| Exercise |
Reproduce exactly the lines from the one that holds "Custom club building" through the last line of the entries, both ends included, but not the pictures.

─── Records

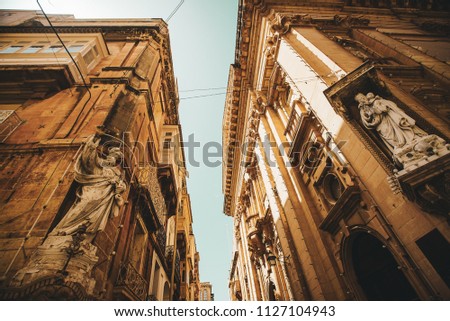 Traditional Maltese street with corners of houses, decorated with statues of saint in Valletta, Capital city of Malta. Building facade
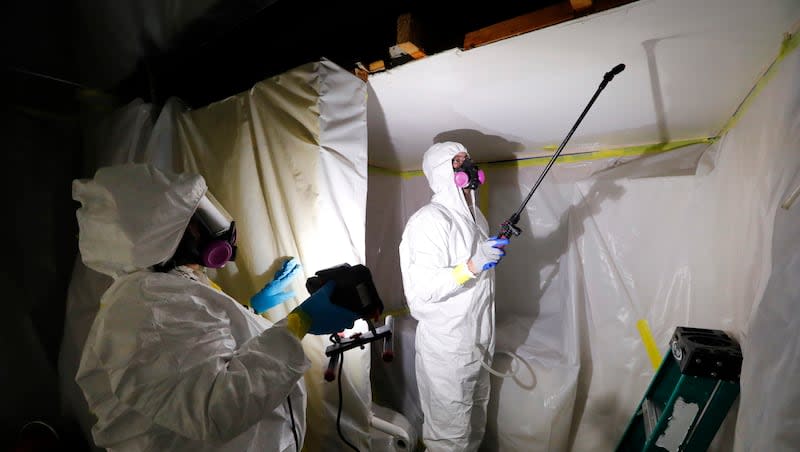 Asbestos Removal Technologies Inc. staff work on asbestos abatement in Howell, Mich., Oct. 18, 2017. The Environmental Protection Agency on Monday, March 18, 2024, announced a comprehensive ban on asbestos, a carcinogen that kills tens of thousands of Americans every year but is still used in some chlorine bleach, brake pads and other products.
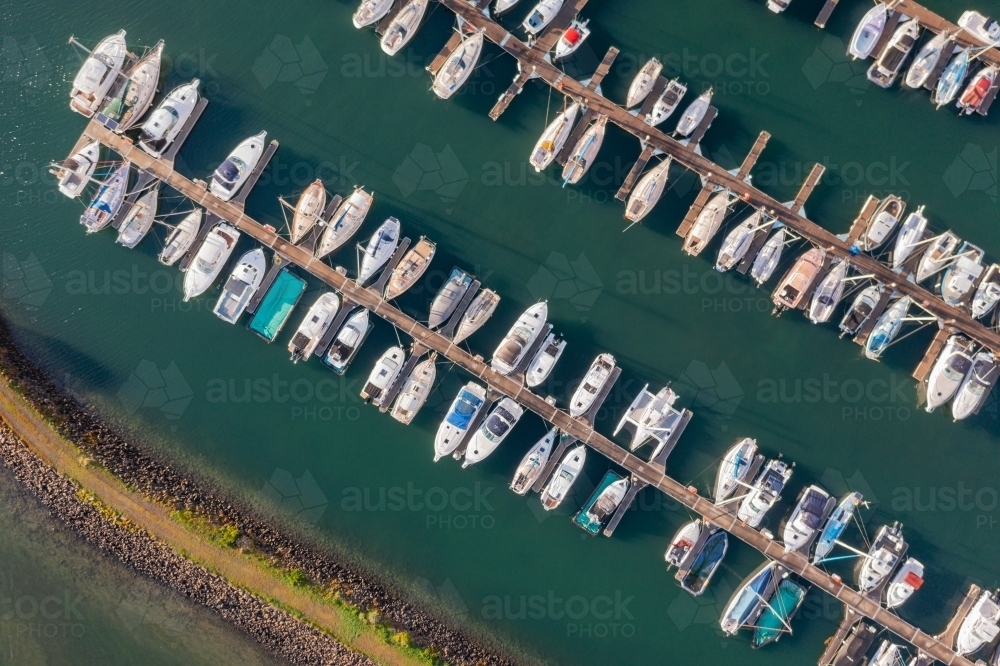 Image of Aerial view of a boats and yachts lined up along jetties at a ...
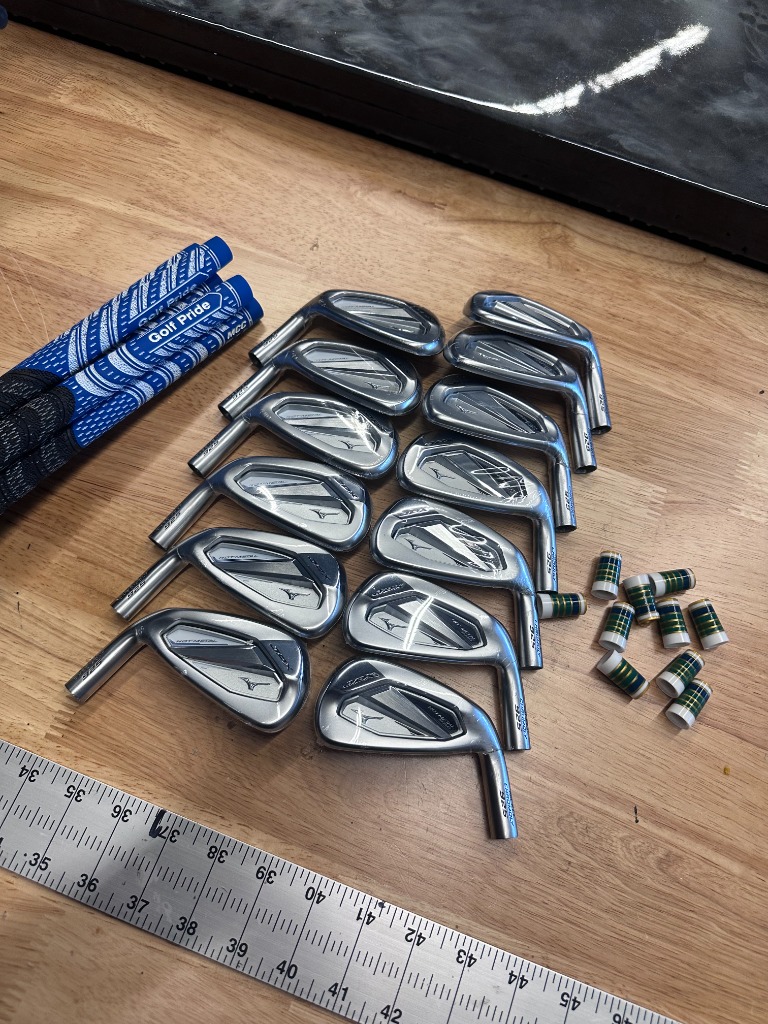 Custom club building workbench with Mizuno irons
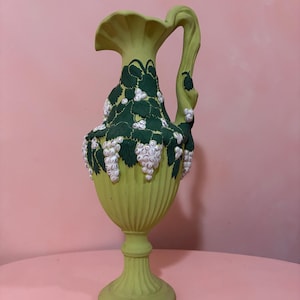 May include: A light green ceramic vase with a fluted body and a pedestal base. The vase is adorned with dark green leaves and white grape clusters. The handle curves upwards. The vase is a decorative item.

──────

| Result |
 Custom club building workbench with Mizuno irons
 May include: A light green ceramic vase with a fluted body and a pedestal base. The vase is adorned with dark green leaves and white grape clusters. The handle curves upwards. The vase is a decorative item.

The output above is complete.